For the same reason, select() works very unreliably on SSL sockets, because it
uses the underlying file descriptor/socket to check for incoming bytes. You
may (and I did) run into the situation where you get a couple of bytes on the
socket, but not enough to create input into the SSL buffer. So, select() would
return, but the read from the SSL socket would block.
Hope this helps.
Misa
From agaffney at gentoo.org Mon Jun 19 06:54:28 2006
From: agaffney at gentoo.org (Andrew Gaffney)
Date: Sun, 18 Jun 2006 23:54:28 -0500
Subject: [pyOpenSSL] pyopenssl and xmlrpclib
In-Reply-To: <20060619042559.GA8251@abulafia.devel.redhat.com>
References: <4491794E.90405@gentoo.org>
<1150425008.2506.5.camel@localhost.localdomain>
<4495A506.1000607@gentoo.org> <4495EA69.2020405@gentoo.org>
<4495EEB1.6020008@gentoo.org>
<20060619042559.GA8251@abulafia.devel.redhat.com>
Message-ID: <44962E04.2080804@gentoo.org>
Mihai Ibanescu wrote:
> On Sun, Jun 18, 2006 at 07:24:17PM -0500, Andrew Gaffney wrote:
>> Andrew Gaffney wrote:
>>
>> Okay, I finally have it "working". My above statement was actually wrong.
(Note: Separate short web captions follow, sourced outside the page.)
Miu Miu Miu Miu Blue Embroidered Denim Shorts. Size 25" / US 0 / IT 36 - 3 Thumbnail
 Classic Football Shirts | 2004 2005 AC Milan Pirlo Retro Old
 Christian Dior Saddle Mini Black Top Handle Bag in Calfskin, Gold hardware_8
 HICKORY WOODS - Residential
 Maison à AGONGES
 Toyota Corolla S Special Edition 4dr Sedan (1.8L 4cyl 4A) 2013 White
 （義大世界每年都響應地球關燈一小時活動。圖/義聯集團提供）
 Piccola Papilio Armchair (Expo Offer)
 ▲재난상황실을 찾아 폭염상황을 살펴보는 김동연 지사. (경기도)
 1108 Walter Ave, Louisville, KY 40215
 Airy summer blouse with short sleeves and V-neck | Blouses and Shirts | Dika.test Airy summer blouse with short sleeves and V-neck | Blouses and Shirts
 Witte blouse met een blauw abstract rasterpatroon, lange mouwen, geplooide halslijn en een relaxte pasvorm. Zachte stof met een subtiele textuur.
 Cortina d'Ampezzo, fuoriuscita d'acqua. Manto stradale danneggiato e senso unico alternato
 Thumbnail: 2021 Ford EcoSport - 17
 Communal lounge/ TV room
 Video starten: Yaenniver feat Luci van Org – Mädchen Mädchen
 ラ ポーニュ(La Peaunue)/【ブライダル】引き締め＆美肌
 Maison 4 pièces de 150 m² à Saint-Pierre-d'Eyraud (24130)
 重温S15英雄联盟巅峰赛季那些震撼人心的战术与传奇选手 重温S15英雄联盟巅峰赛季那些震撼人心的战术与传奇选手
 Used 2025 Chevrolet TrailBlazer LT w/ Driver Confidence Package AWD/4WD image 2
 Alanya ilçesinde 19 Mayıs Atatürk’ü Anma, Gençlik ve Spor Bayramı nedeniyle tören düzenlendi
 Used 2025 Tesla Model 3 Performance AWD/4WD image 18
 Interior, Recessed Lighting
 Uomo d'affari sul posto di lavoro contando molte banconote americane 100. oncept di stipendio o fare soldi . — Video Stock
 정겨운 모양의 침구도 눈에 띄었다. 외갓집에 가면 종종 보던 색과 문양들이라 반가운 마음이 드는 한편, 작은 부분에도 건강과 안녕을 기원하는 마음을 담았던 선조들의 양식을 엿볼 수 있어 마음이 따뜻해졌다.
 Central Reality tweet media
It
>> looks like HTTPResponse *does* use makefile(), but HTTPConnection does *not*.
>> So, it calls close() which decrements the counter without ever calling
>> makefile() which increments the counter. The way I made it "work" was by
>> commenting all the calls to .close() and .shutdown(). This is technically
>> "wrong", but it gets around the faulty close_refcount logic. Can anyone suggest
>> a better way to do this?
>
> The history behind that counter is (but this is all based on memory):
> When the response object is created, httplib.HTTPConnection will use
> makefile() to dup() the file descriptor it passes down to the HTTPResponse
> object. This allows the code to be much cleaner, you can now close the main
> connection object and just keep reading from the response one.
>
> The problem with SSL is, it's not exposing real sockets. As such, there is no
> dup() that works. The only way to achieve the same functionality is to play
> the tricky counter thingie to keep the file descriptor open even after you
> close the HTTPConnection. So, makefile() should increment the counter, and
> close() should keep decrementing it (and do nothing else) until you hit zero,
> at which point it should close the SSL connection.
I completely understand the reason for the counter and the logic behind it. It's
just that it doesn't quite work as advertised :)
> For the same reason, select() works very unreliably on SSL sockets, because it
> uses the underlying file descriptor/socket to check for incoming bytes. You
> may (and I did) run into the situation where you get a couple of bytes on the
> socket, but not enough to create input into the SSL buffer. So, select() would
> return, but the read from the SSL socket would block.
I've removed all the select() and timeout stuff in my local code, since I don't
really care if it blocks (unlikely anyway with small xmlrpc requests).